This past week, I have been extensively working on getting a set of lawn mower physics down. I spoke to my Linear Algebra Professor to get some ideas and he came up with a different approach than I did. His idea was that a zero turn lawn mower will always turn in perfect circles at an instant. Essentially, if the lawn mower remained constant speed, with the exception of straight, we know that it will follow a circle. As such, we can calculate how the lawn mower would move along the circle at that individual instance (tick). In the next instance (tick), we can recalculate the next circle. I am currently logging and experimenting using FVectors and FRotators functions to find out how they affect the the objects in the world.
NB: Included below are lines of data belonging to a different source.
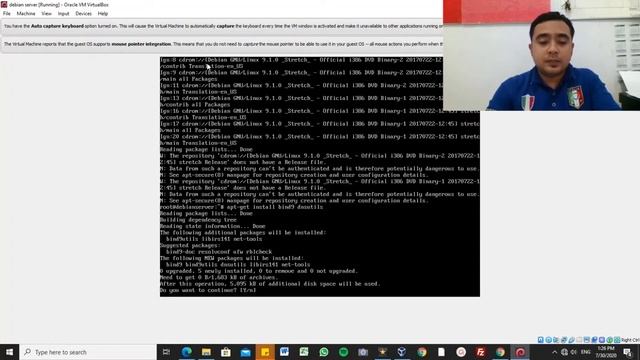 Cara Konfigurasi DNS Server di Debian 9 ( Lengkap dengan penjelasannya ) смотреть онлайн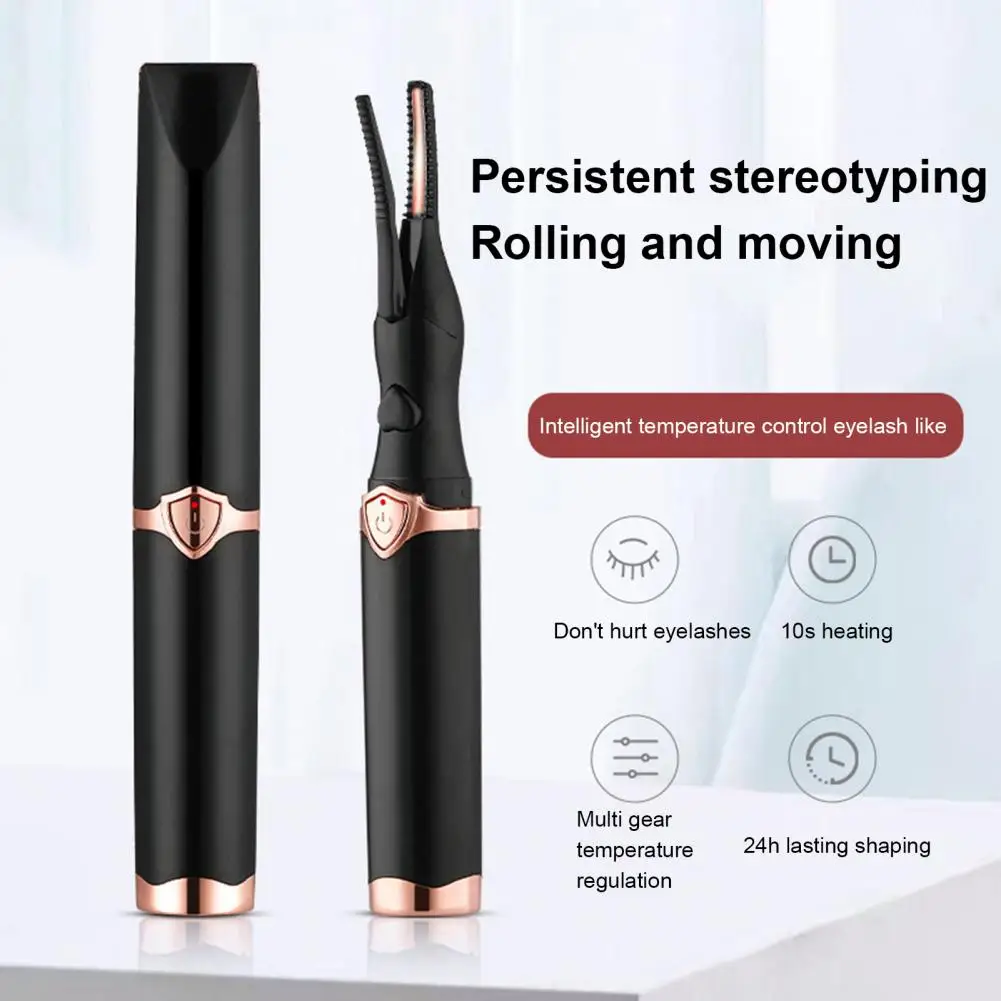 Practical ABS Beauty Tool Portable Eyelash Curler Double-sided USB Rechargeable Electric Eyelash Curler for Make Up
Practical ABS Beauty Tool Portable Eyelash Curler Double-sided USB Rechargeable Electric Eyelash Curler for Make Up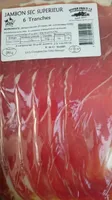 Jambon sec supérieur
Currently, I have a dummy, that when the left joystick is pushed, will run in a circle. I however do not have a perfect zero turn for him as I have yet to implement the circle path approach. I have some concerns with that method as to feel and accuracy. How I have visualized the problem is a result of how the joystick functionality is implemented in UE4. The problem I see is that each joystick has its own function, which means that each joystick will have its own circle path calculation. I worry that running each of these separately will either create jitter or put the mower in an un-correct forward alignment. To note, I don’t expect perfection, but I would like a fairly close interpretation. As a matter of fact, most simulator games are more fun when they aren’t perfect. The minor nuances in the mechanics often make for memorable experiences.

Moving on, last blog I talked about procedural generation for objects in the world. As it stands, I am still considering this approach for placing trees, rocks, and other obstacles at random, but I don’t know that I will use it to place the in game tiles. I found a video of how to place walls, which of course wouldn’t be a random placement, but overall tile placement took a backseat when I started working with mower physics. If need be I can manually place tiles in the map. Manual placement will actually earn me just as much freedom as programmatic placement. As a matter of fact, manual placement is more visual for me which helps reduce the amount of times code needs to be tweaked. The trade off is that I won’t know exactly how many tiles I placed, and I may need to count them manually as well. If this is the route I take, I have a strategy to place one tile, which I will clone. I then will copy both tiles at once, and clone them. I plan to continue doing this until I create the desired size map and thus I can know how many tiles. based upon the number of “clones”. Lets be honest, I mean just copy and paste a grouping of tiles over and over again.

Meshes are another topic that I have put thought into, but of course, I haven’t really had time to make a lawn mower mesh. Keeping that in mind, I did find this really nice dune buggy in the Unreal Assets that they offer with their prebuilt offroad simulator. I might re-texture the dune buggy and drive that around.

I am hoping that I will have some new pictures up in the very near future. I at the least plan to add a picture of my working environment to the gallery. I am using my TV as a second monitor and it is driving my roommate nuts since the screen resolution doesn’t perfectly align. Thus some of the screen is cut off. At some point, I may also add a screenshot with a snippet of my code and/or the engine itself.